歴史的な使命を帯びて誕生した鳩山内閣が、負の遺産の処理に奮闘している。なかでも獅子奮迅の働きをしているのが、国土交通省の前原誠司大臣だ。税金のムダづかいの代表的な事例であるダム事業に初めて、メスを入れた。国(国交省)が主導する56のダム事業のうち、本体工事の未着工の28事業をいったん凍結する方針を示した。八ツ場ダムなどがその対象だ。大きなニュースとして連日取り上げられ、ダム問題はいまや国民的な関心事となった。
だが、その一方でもう一つのダム問題が陰に隠されたままとなっている。光がまったく当てられず、国民は実態を知らされずにいる。
前原大臣によって取り上げられたのは、国交省が所管するダムである。あまり知られていないが、農林水産省も全国各地にダムを造り続けている。土地改良法に基づいて造られた国直轄の農業用ダムは、これまでに150に上る。
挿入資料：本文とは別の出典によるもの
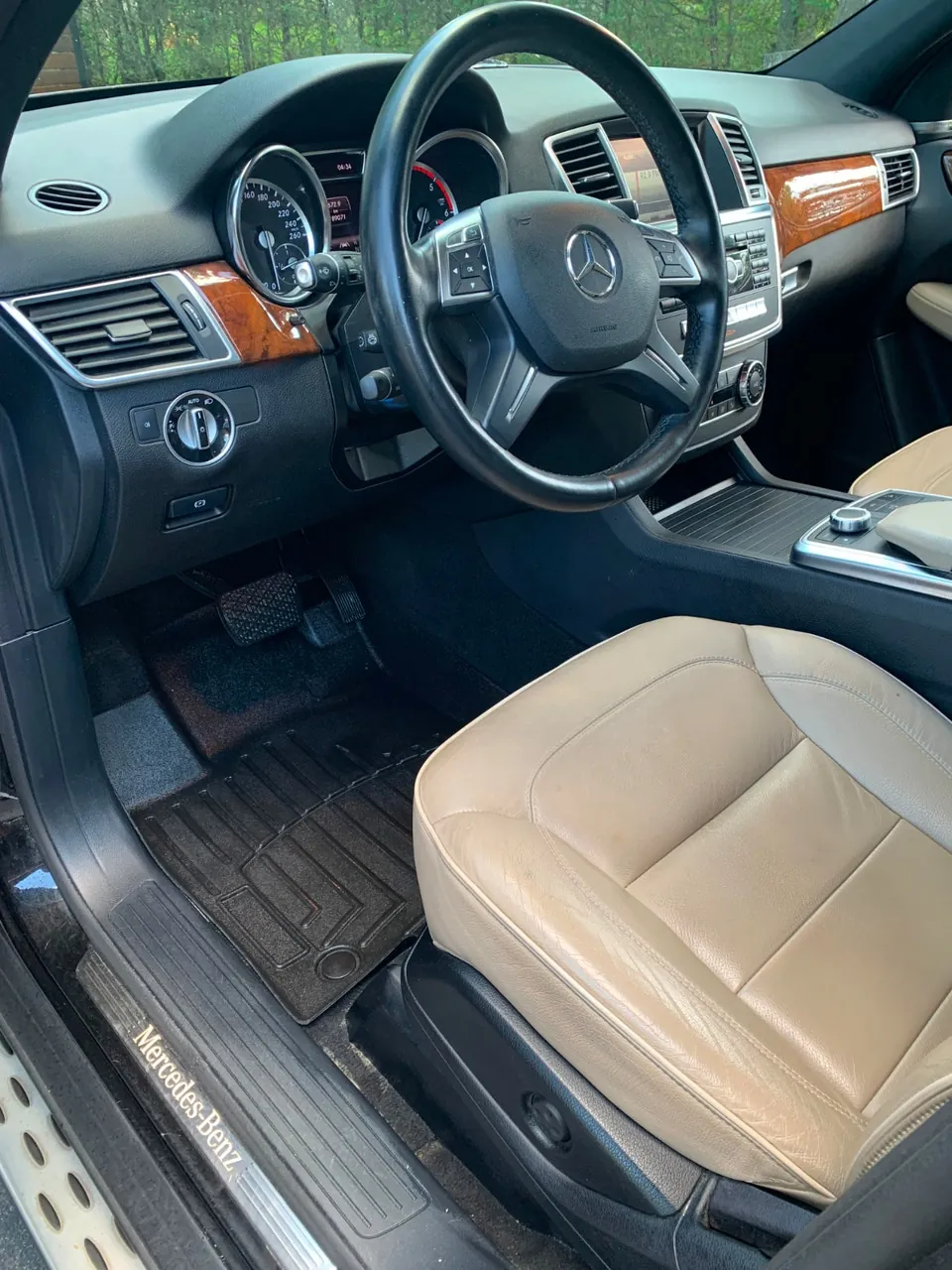 Mercedes-Benz Ml Class 2013 photo 4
さらに現在、建設中の農業用ダムが15(下表参照)。
農水省もまた、意味不明なダムを建設したり、ないしは建設中なのだ。
たとえば、いまや全国的に知られる大蘇ダムだ。九州農政局が熊本県産山村に建設した農業用ダムだが、水漏れで使用不能となっている。ダム湖の底や周辺に亀裂があり、水がたまらないのである。周辺一帯は阿蘇外輪山の東麓で、いわゆる火山灰地。地盤も脆弱なため、地元の人たちは当初から、水をためるのは難しいと懸念していた。
水がたまらない農業用ダム
大蘇ダムは2005年にダム本体が完成したが、総事業費は計画当初の約130億円から約593億円にまで増大した。
そのうえ試験湛水で水漏れという大問題が発覚した。水利用はできず、30年も待たされ続けた農家は怒り心頭。原因と対策の検討で事業は宙ぶらりんの状態だ。